Larry King, broadcasting giant for halfcentury, dies
He was 87; no cause of death given but had been diagnosed with COVID-19
LOS ANGELES » Larry King, the suspenders-sporting everyman whose broadcast interviews with world leaders, movie stars and ordinary Joes helped define American conversation for a half-century, died Saturday. He was 87.
King died at Cedarssinai Medical Center in Los Angeles, his production company, Ora Media, tweeted. No cause of death was given, but a spokesperson said Jan. 4 that King had COVID-19, received supplemental oxygen and been moved out of intensive care.

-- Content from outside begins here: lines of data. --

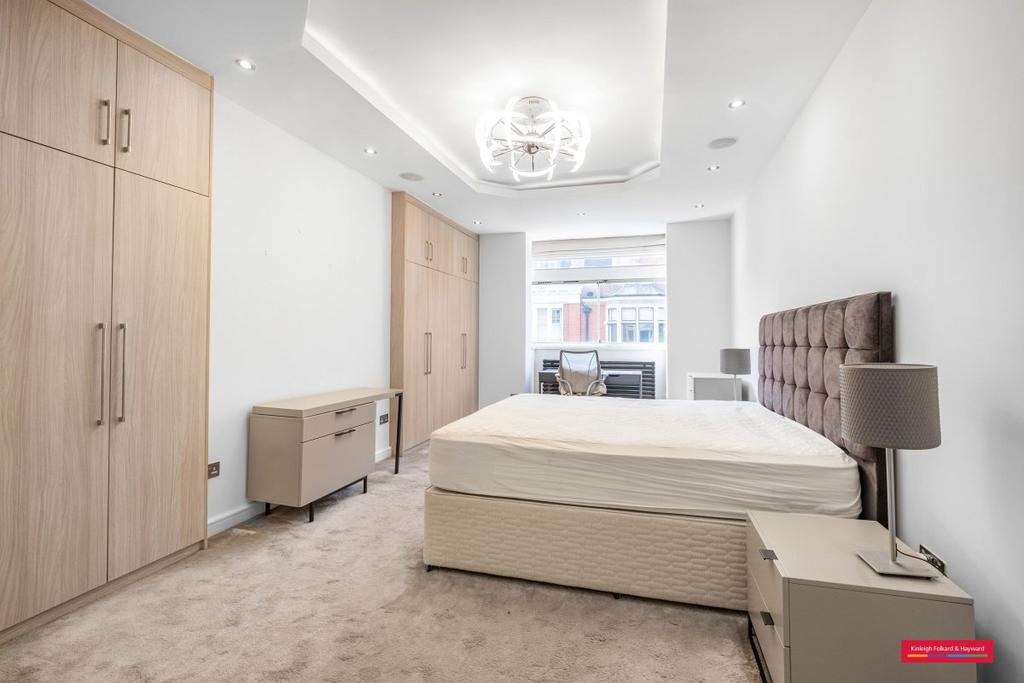 Apartment in London - View 3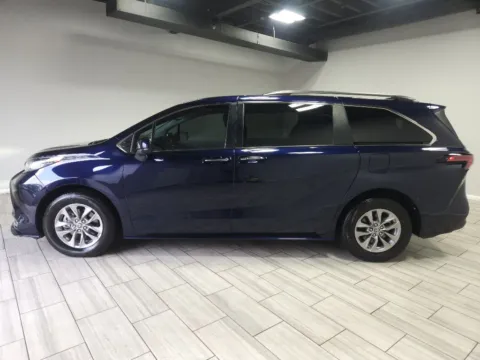 Photos of 2022 Toyota Sienna XLE for sale in Philadelphia, PA at Torresdale Ave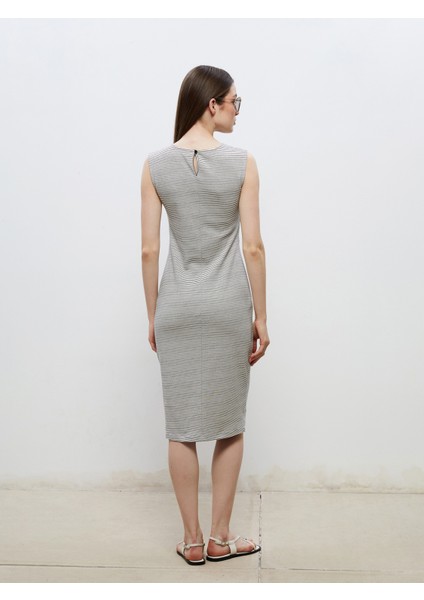 Bisiklet Yaka Çizgili Büzgülü Elbise fırsatları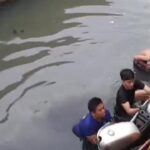 Pengemudi Oleng, Motor dan Penunggangnya Nyemplung ke Kali Cileungsi Bogor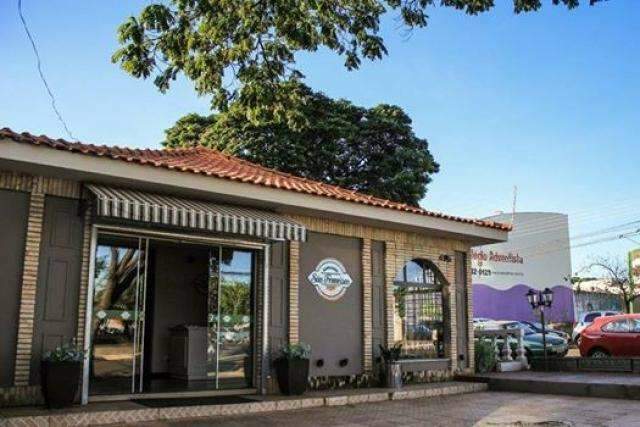 Com card&aacute;pio saud&aacute;vel, armaz&eacute;m vende lanches e sucos de sabores exclusivos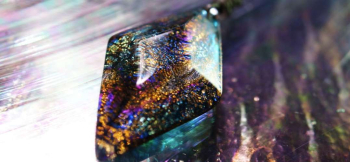 Bright Aquamarine 裏面フラットの6面体のフォルムです。 ラフォルム ガラスジュエリー ガラスアクセサリー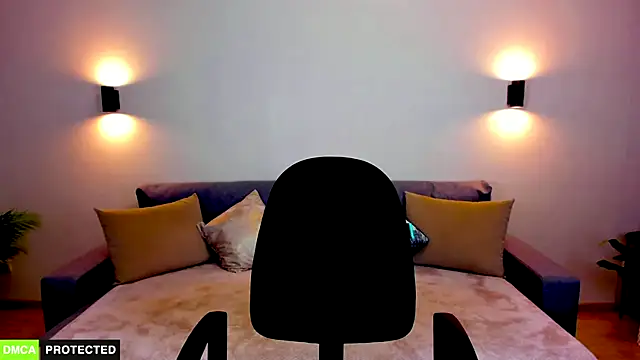 TheWoman   online show from 20, 10, 2025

A longtime nationally syndicated radio host, he also was a nightly fixture on CNN from 1985 through 2010 as the host of “Larry King Live.” He won many honors, including two Peabody awards, during the show’s 25-year run.
King set himself apart with the curiosity he brought to every interview, whether questioning the assault victim known as the Central Park jogger or billionaire industrialist Ross Perot, who in 1992 announced his presidential candidacy on King’s show.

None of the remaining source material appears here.